## Data extract
== Segment start ==

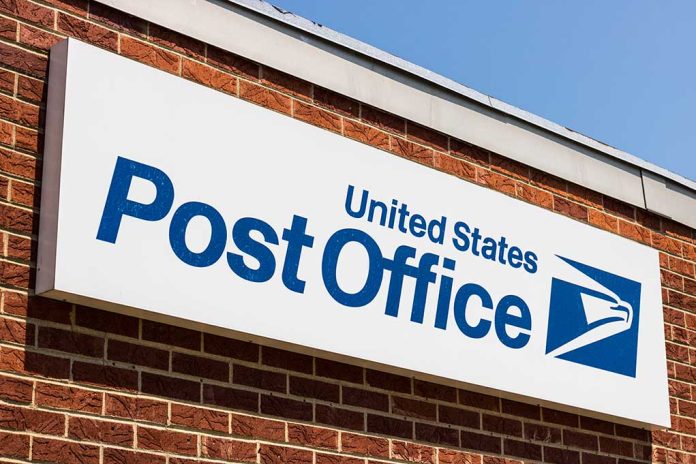 United States Post Office sign on brick building.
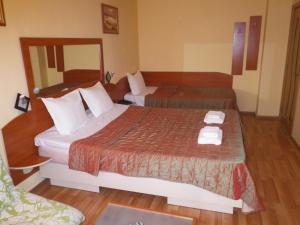 Säng eller sängar i ett rum på Hotel Palitra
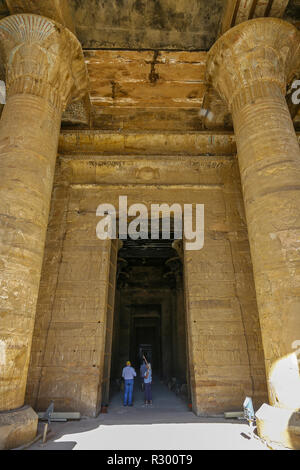 Due persone che guardano le colonne del Tempio di Edfu, un tempio egizio situato sulla sponda ovest del Nilo in Edfu, Alto Egitto, Nord Africa Foto Stock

== Segment end ==

## What this task involves
With the pictures excluded, restate the material exactly as it stands.

## The answer
 United States Post Office sign on brick building.
 Säng eller sängar i ett rum på Hotel Palitra
 Due persone che guardano le colonne del Tempio di Edfu, un tempio egizio situato sulla sponda ovest del Nilo in Edfu, Alto Egitto, Nord Africa Foto Stock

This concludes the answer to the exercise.